Data Received – Oly 2bRAD Illumina Sequencing from Genewiz

The data was made available to use on 20151224 and took two days to download.

The full list of samples (and the individual samples/libraries/indexes) submitted to Genewiz for this project by Katherine Silliman & me can be seen here (Google Sheet): White_BS1511196_R2_barcodes

The data supplied were all of the Illumina output files (currently not entirely sure where/how we want to store all of this, but we’ll probably want to use them for attempting our own demultiplexing since there were a significant amount of reads that Genewiz was unable to demultiplex), in addition to demultiplexed FASTQ files. The FASTQ files were buried in inconvenient locations, and there are over 300 of them, so I used the power of the command line to find them and copy them to a single location: http://owl.fish.washington.edu/nightingales/O_lurida/2bRAD_Dec2015/

Find and copy all FASTQ files:

find /run/user/1000/gvfs/smb-share\:server\=owl.fish.washington.edu\,share\=home/ -name '*.fastq.*' -exec cp -n '{}' /run/user/1000/gvfs/smb-share\:server\=owl.fish.washington.edu\,share\=web/nightingales/O_lurida/ \;

Code explanation:

find
  • Command line program used for searching for files
/run/user/1000/gvfs/smb-share\:server\=owl.fish.washington.edu\,share\=home/ 
  • Location of the files I wanted to search through.

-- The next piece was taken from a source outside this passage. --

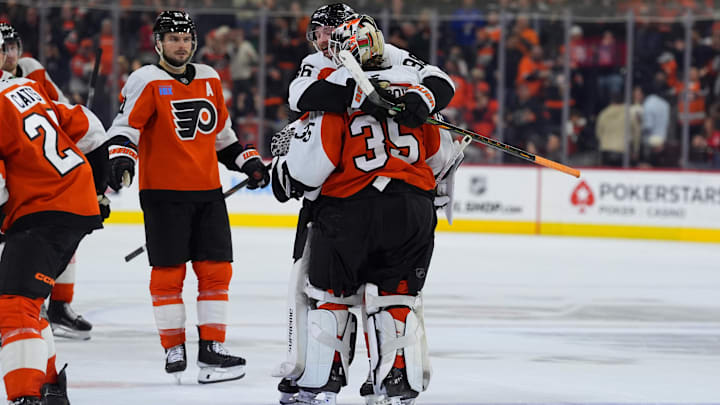 Nov 23, 2024; Philadelphia, Pennsylvania, USA; Philadelphia Flyers left wing Joel Farabee (86) celebrates with goalie Aleksei Kolosov (35) after the game against the Chicago Blackhawks at Wells Fargo Center.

The path looks a little crazy because I was working remotely and had the server share mounted.
-name '*.fastq.*'
  • The name argument tells the find command to look for filenames that have “.fastq” in them.
-exec cp -n '{}'
  • The exec option tells the find command to execute a subsequent action upon finding a match. In this case, I’m using the copy command (cp) and telling the program not to overwrite (clobber, -n) any duplicate files.
/run/user/1000/gvfs/smb-share\:server\=owl.fish.washington.edu\,share\=web/nightingales/O_lurida/2bRAD_Dec2015 \;
  • The location where I want the matched files copied.

I created a readme file in the directory directory with these files: readme.md

I wanted to add some information about the project to the readme file, like total number of sequencing reads generated and the number of reads in each FASTQ file.

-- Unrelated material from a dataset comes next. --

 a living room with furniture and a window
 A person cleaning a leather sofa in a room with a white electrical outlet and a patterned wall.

Here’s how to count the total of all reads generated in this project

totalreads=0; for i in *.gz; do linecount=`gunzip -c "$i" | wc -l`; readcount=$((linecount/4)); totalreads=$((readcount+totalreads)); done; echo $totalreads

Total Reads: 588,396,334

Code explanation:

totalreads=0;
  • Creates variable called “totalreads” and initializes value to 0.
for i in *.gz;
  • Initiates a for loop to process any filenames that end with “.gz”. The FASTQ files have been compressed with gzip and end with the .gz extension.
do linecount=
  • Creates variable called “linecount” that stores the results of the following command:
`gunzip -c "$i" | wc -l`;
  • Unzips the files ($i) to stdout (-c) instead of actually uncompressing them. This is piped to the word count command, with the line flag (wc -l) to count the number of lines in the files.
readcount=$((linecount/4));
  • Divides the value stored in linecount by 4. This is because an entry for a single Illumina read comprises four lines. This value is stored in the “readcount” variable.
totalreads=$((readcount+totalreads));
  • Adds the readcount for the current file and adds the value to totalreads.
done;
  • End the for loop.
echo $totalreads
  • Prints the value of totalreads to the screen.

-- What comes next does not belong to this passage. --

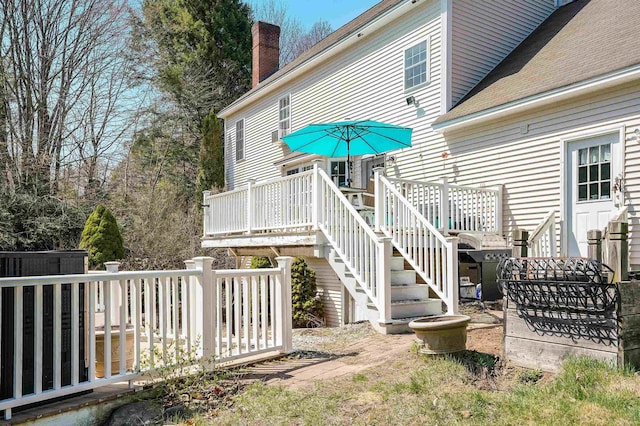 exterior space featuring a chimney, stairs, and a wooden deck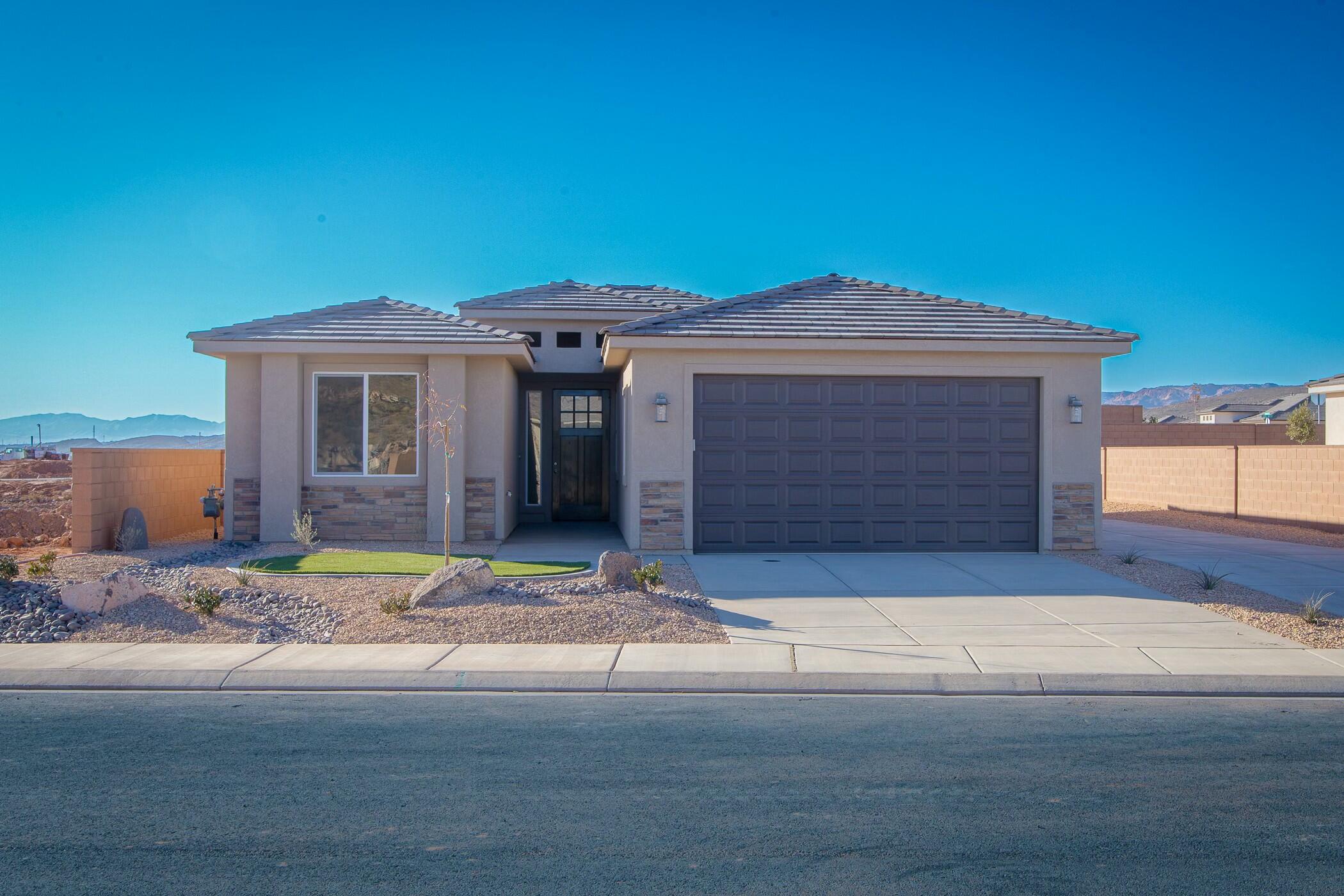 Under Construction! Estimated finish date - May, 2025. This home features drought-tolerant professionally landscaped front and backyard with a covered patio. Master suite includes spacious walk-in closet and fully tiled walk-in shower. Two car garage is fully drywalled and painted! Quality GE appliances, stainless sink in the kitchen island, Moen Plumbing fixtures, quartz countertops, spacious pantry, and natural Alder cabinetry with soft-close hinges and under-cabinet lights. Loads of cabinet space! Woodgrain tile floors and gas fireplace in living room. Thirty-foot paved RV pad with water, 30-amp + sewer dump! Located on a corner lot. Come in and see us soon to customize the home to your liking. See you soon!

Next, I wanted to generate list of the FASTQ files and corresponding read counts, and append this information to the readme file.

for i in *.gz; do linecount=`gunzip -c "$i" | wc -l`; readcount=$(($linecount/4)); printf "%s\t%s\n%s\t\t\n" "$i" "$readcount" >> readme.md; done

Code explanation:

for i in *.gz; do linecount=`gunzip -c "$i" | wc -l`; readcount=$(($linecount/4));
  • Same for loop as above that calculates the number of reads in each FASTQ file.
printf "%s\t%s\n\n" "$i" "$readcount" >> readme.md;
  • This formats the the printed output. The “%s\t%s\n\n” portion prints the value in $i as a string (%s), followed by a tab (\t), followed by the value in $readcount as a string (%s), followed by two consecutive newlines (\n\n) to provide an empty line between the entries. See the readme file linked above to see how the output looks.
>> readme.md; done
  • This appends the result from each loop to the readme.md file and ends the for loop (done).